「それでは、この条件で契約ということでよろしいでしょうか?」
 キャンペーンの内容や進行予定、契約条件などを説明し終わった担当者が、腕を組んで目を閉じていた友雅に向って、一際緊張した面持ちで言った。
 部屋に集まった全員の目が友雅に集まる。
 その視線に気付いているだろうに、友雅は別段慌てる様子も見せずゆっくりと目蓋を上げ、隣に座っている鷹通をちらりと流し見た。
 友雅の視線を受け、鷹通が溜息を殺しながら軽く眼鏡を指先で押し上げつつ頷いた。
「わかりました。ただ一つだけ、契約前にもう一度確認したいことがあります」
「何でしょうか?」
 鷹通の言葉に、担当者が表情を厳しくする。
 コレクションのステージ以外の仕事は、たとえ些細なものであっても誰よりも契約が難しいと言われる友雅。

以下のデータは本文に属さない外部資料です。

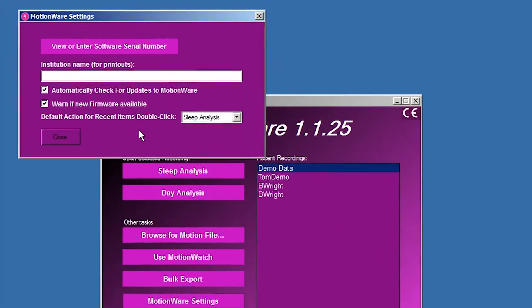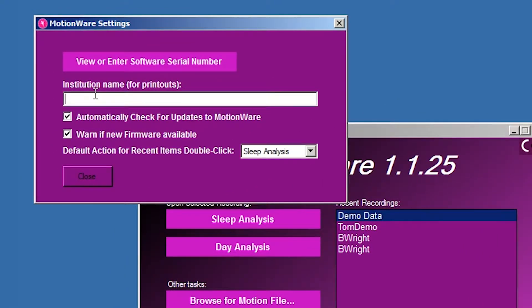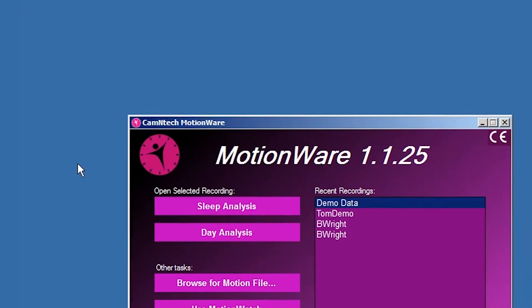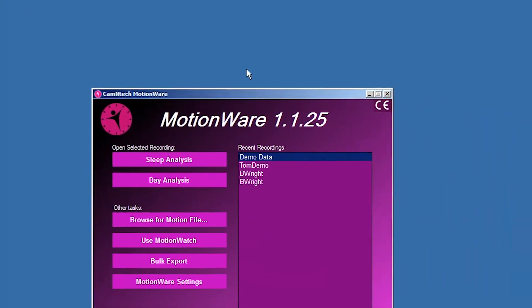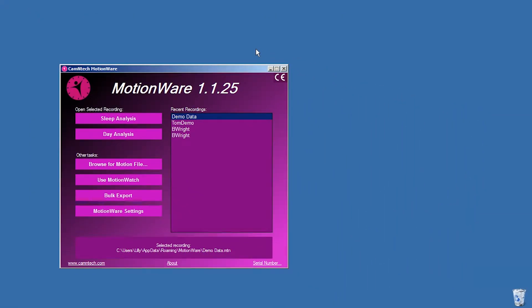You may choose to enter an Institution Name in the Settings window which will then be included near the top of all printed reports. This may be desirable if you wish to hand the Actogram or other reports directly to the participants after use.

 何か不手際があれば、これまでの計画と苦労が水の泡になる。契約を交わすまで、担当者が友雅の一挙手一投足に神経を尖らせるのも無理は無い。
 それを分かっている鷹通は、軽く首を振った。
「キャンペーンの内容についてではありません。相手モデル、ナオとの話題づくりについてです」
「私〜?」
「ナオ、大きな声出さない!」
 鷹通に名を呼ばれたモデル、ナオが驚きのまま可愛らしい声を上げる。その飾り気のない無邪気な、悪く言えば場の雰囲気を読めないナオを、マネージャーの女性が小さく叱り付けた。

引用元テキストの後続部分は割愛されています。